The following are some of the limitations of this work and suggestions on how to overcome them.

  • The developed system can only handle binary classification, a future direction would be to extend it to work with multiple fonts. An even more sophisticated system would support multilabel classification where each image might contain multiple fonts.

  • The current setup handles cropped patches of a page well, but not an entire page at once. A preprocessing pipeline could be added to handle this case by automatically identifying text lines on a page then patching and sending them to the current model to make predictions on a page level.

  • The dataset contains text written using a computer font. In reality, a handwritten text can have calligraphic extensions to add decoration. The dataset can be extended to include such cases, which will be reflected on the model’s performance and generalization capacity.

  • One of the advantages of this work is the architecture simplicity of the model. However, one direction of improvement might be in designing more advanced architectures.

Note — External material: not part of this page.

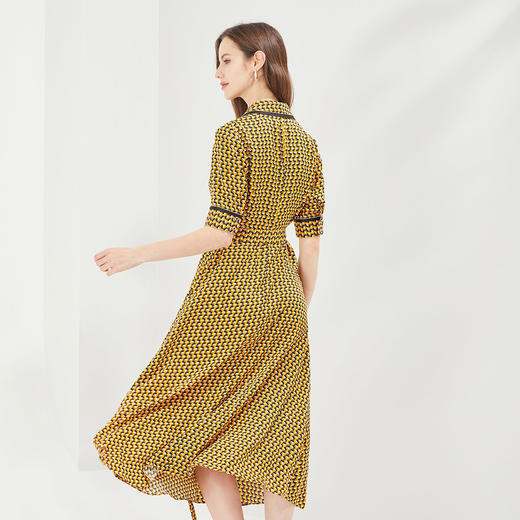 RF8B3斯尔丽瑟俪2022夏上新合体系腰翻驳领碎花撞色长款连衣裙 商品图1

For example:

    • Unsupervised pretraining of the model on large datasets like KAFD.

    • Since VFR is concerned with the style of an image despite its content, a style-content decomposition approach can be taken. For instance, extracting style representations of a font using techniques such as Neural Style Transfer [6], then feeding those learned representations to a neural network for classification.

    • CNNs are invariant to the position of text in the image. However, they are sensitive to its scale. One way to overcome this is through data augmentation, which is what was used here by randomly determining the size of synthesized text, producing a variety of text sizes. An alternative solution on the model side would be to use invariance CNNs [5].

    • Employing Autoencoders to remove background noise, then using these clean images for classification.

  • Finally, on the product side, we can enhance the product design and user experience by implementing ways for the users to correct errors or suggest solutions and feed this information back to the model as a form of online learning. Such systems are usually called collaborative AI systems.

7. Conclusion

This work shows that even with advanced frameworks that are designed to make large parts of developing machine learning systems accessible, and even when considering a simple task such as binary font classification, there are still many challenges to be addressed in order to develop a useable system, such as data scarcity and domain mismatch.

In this project, a dataset of 40,516 images was created consisting of 40,000 synthesized image and 516 real image. A data synthesization process was presented and analyized to overcome the domain mismatch problem. The dataset is available for download from this repo. To reproduce results presented here and to further explore the dataset, you can Open In Colab. Finally, a codebase organizing the training and deployment code is open-sourced.

8. References

  1. Tensmeyer, Chris, Daniel Saunders, and Tony Martinez. “Convolutional neural networks for font classification.” 2017 14th IAPR international conference on document analysis and recognition (ICDAR). Vol. 1. IEEE, 2017.

  2. Chen, Guang, et al. “Large-scale visual font recognition.” Proceedings of the IEEE Conference on Computer Vision and Pattern Recognition. 2014.

  3. Wang, Zhangyang, et al. “Deepfont: Identify your font from an image.” Proceedings of the 23rd ACM international conference on Multimedia. 2015.

  4. Luqman, Hamzah, Sabri Mahmoud, and Sameh Awaida. KAFD: Arabic Font Database LDC2016T21. Hard Drive. Philadelphia: Linguistic Data Consortium, 2016.

  5. Xu, Yichong, et al. “Scale-invariant convolutional neural networks.” arXiv preprint arXiv:1411.6369 (2014).

  6. Gatys, Leon A., Alexander S. Ecker, and Matthias Bethge. “A neural algorithm of artistic style.” arXiv preprint arXiv:1508.06576 (2015).

  7. Wang, Yizhi, et al. “Font recognition in natural images via transfer learning.” International conference on multimedia modeling. Springer, Cham, 2018.